Chapter 2:

Question 1

Describe the changes in gravitational potential energy as blood goes from the heart, to the peripheral tissue, and back to the heart:

Answer 1

1. Heart to lungs - Blood raises up slightly, causing an increase in gravitational potential energy.
2. As blood goes back to the heart it will go back to the initial gravitational potential energy.
3. As blood leaves the heart and goes up the aorta, the gravitational potential energy will slightly increase.
4. As blood leaves the aorta and goes into peripheral vessels, the gravitational potential energy will drastically decrease.
5. As blood returns to the heart via venous return, gravitational potential energy is slowly (venous return is slow) increasing back to the initial gravitational potential energy.

DRAW OUT AS A GRAPH!

Question 2

What is the relationship between power (Joules/second) and potential (volts)?

Answer 2

Power is directly proportional to volts, through the following equation:

P = I* V

Question 3

Joules are a measure of:

Answer 3

energy.

Question 4

Power is a measure of:

Answer 4

energy/time (J/s)

Question 5

Electric shock plates are sometimes used to restore the natural rhythm after a heart attack. The shock plates run off a 10-V battery and draw a current of 23 amps. If each shock draws 250 joules of energy, what is the duration of the shock?

Answer 5

1) P = VI
P = (10 v) * (23 amps) = 230 J/s

2) Power = Energy/time
Time = Energy/power

(250 J)/(230 J/s) = 1.09 seconds.

Question 6

If a conductive cell in the heart produces an electrical current of 2 amps, which ultimately produces a real power of 35 to be used for muscle contraction of the heart. What would be the electrical potential of this cell?

Answer 6

P = VI

V = P/I

V = (35 j/s)/(2 amps) = 17.5 volts.

Question 7

Define work:

Answer 7

The amount of energy transferred from one object to another due to a displacing force. This is measured in joules. A question that says “energy used” “energy transferred”, etc, is referring to work.

Question 8

What are 3 relevant equations for work?

Answer 8

1) W = F (force) * d (displacement)

2) P = W/t

3) W = mgheight

Question 9

A researcher is experimenting on the impacts of the force of increasingly high winds against wind turbine function and longevity. The researcher uses a pulley system to move her 68-Kg gear to the top of a 108-meter-tall turbine. How much work is being done?

a. 80,000 joules.
b. 72 joules.
c. 72,000 joules.
d. 800 joules.

Answer 9

1) this question is asking bout the amount of work to move an object, not about the kinematics of wind.

2) W = mgh = f*d

W = (68 Kg)(9.8 m/s^2)(108 m) = 72,000 joules.

Question 10

Define potential energy:

Answer 10

Stored energy that is available to be used. When a ball is at the top of a hill it holds a large amount of potential energy, which will be released as the ball rolls down.

Question 11

As a person swallows a bolus of chewed food, the food will move down their esophagus and toward the stomach. Which of the following would be most accurate?
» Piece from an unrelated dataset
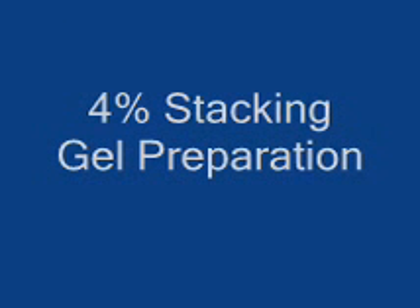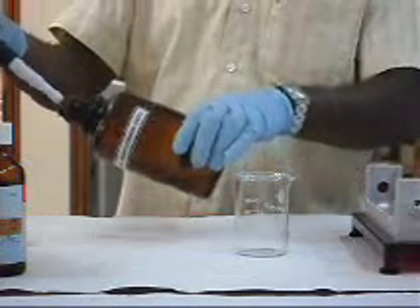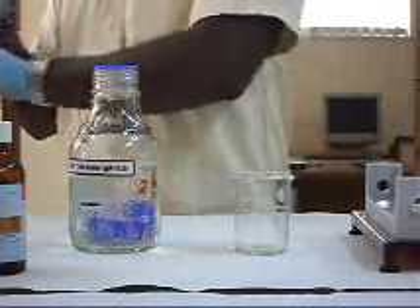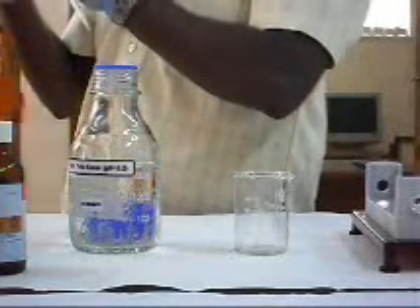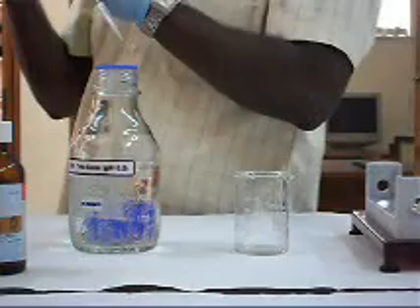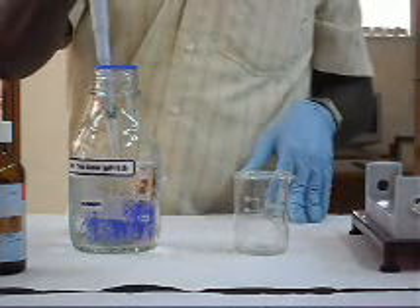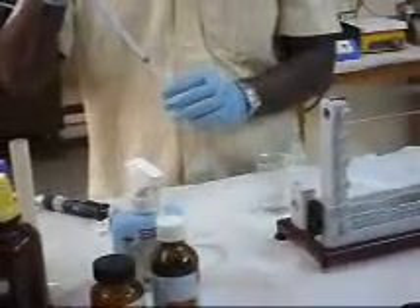For 4% stacking gel preparation: 2.66 ml of 30% acrylamide-bisacrylamide solution is added, along with 5 ml of Tris-HCl at pH 6.8, and 12 ml of sterile water. Then 150 µL of TEMED, 10% APS 250 µL, and 10% SDS 25 µL are added.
a. The kinetic energy of the bolus will increase.
b. The acceleration of the bolus will remain constant, but the mass will increase.
c. The bolus will increase in temperature.
d. The gravitational potential energy of the bolus will decrease.

Answer 11

d. The gravitational potential energy of the bolus will decrease.

Question 12

What is the relationship between gravitational potential energy and position?

Answer 12

As your position gets closer to the ground (decrease in height), gravitational potential energy will decrease. Height and gravitational potential energy are directly proportional.